GEORGE BUSH SETS CRISIS IN MOTION

In 2008, Partners in Health working with Robert Kennedy Center for Human Rights documented that in 2000 the Bush Administration blocked vital life-saving loans for water, sanitation and health from the Inter American Development Bank to the progressive government of President Jean-Bertrand Aristide. This deliberate political maneuver to undermine Haiti’s democratic government had a direct impact on the city of St. Marc (population 220,000) and region of the lower Artibonite (population 600,000), among the areas slated for upgrading of the public water supply, depriving the people of their right to safe water.

Meanwhile, health authorities warn that while the outbreak remains concentrated in the Lower Artibonite region, it is inevitable that there will be some cases of cholera in Port-au-Prince. Five cases have already been reported in the city among people who had traveled there from the affected rural areas.

10 MONTHS LATER, CAMP CONDITIONS VIOLATE INTERNATIONAL STANDARDS

Conditions in the capital’s densely populated refugee camps could readily spawn a widespread cholera epidemic, as families interviewed recently by human rights groups have exposed critical shortages of clean water, sanitation, food and proper shelter. An Al Jazeera report this week featured video footage of 18 neglected latrines for 3,500 people. Four latrines in Accra Camp, where 17,000 people reside, are so filthy no one will use them.  Children play in dirt muddied from rain. Clean water is only available to those who can purchase it; many camp residents have complained that Red Cross water makes them sick.

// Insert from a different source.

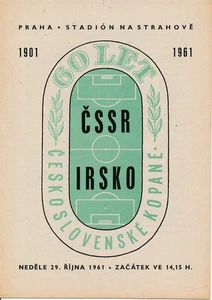 Tschechoslowakei - Republik Irland (WM-Qualifikation) 1961 - Bild 1 von 1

1.3 million Haitians living in the vast “tent” cities of Port-au-Prince are in the path of a rapidly progressive illness whose potential was identified in the immediate aftermath of the earthquake. Yet ten months later, with millions of dollars in donated aid relief, the proper infrastructure to provide safe living conditions in the refugee camps is utterly lacking. The rights of Haitian people to internationally mandated standards for displaced persons have been profoundly violated.

WHAT TO DO

In the short term, health workers and community activists are mobilizing to carry out intensive education and prevention campaigns to control the spread of cholera, and get clean water to the camps.

The fundamental issue, however, remains the political crisis which denies Haiti democracy and human rights, and underlies persistent impoverishment of Haiti’s people. As long as the predatory agenda of the United States, foreign and elite interests prevails in Haiti, the rights of the vast majority of Haitians are threatened. It is time to listen to the voices of Haiti’s popular movement calling for an end to the UN military occupation, now entering its 7th year. It is time to demand free and fair elections that include Haiti’s largest political party, Fanmi Lavalas, and time to heed the widespread call for the return of Jean-Bertrand Aristide.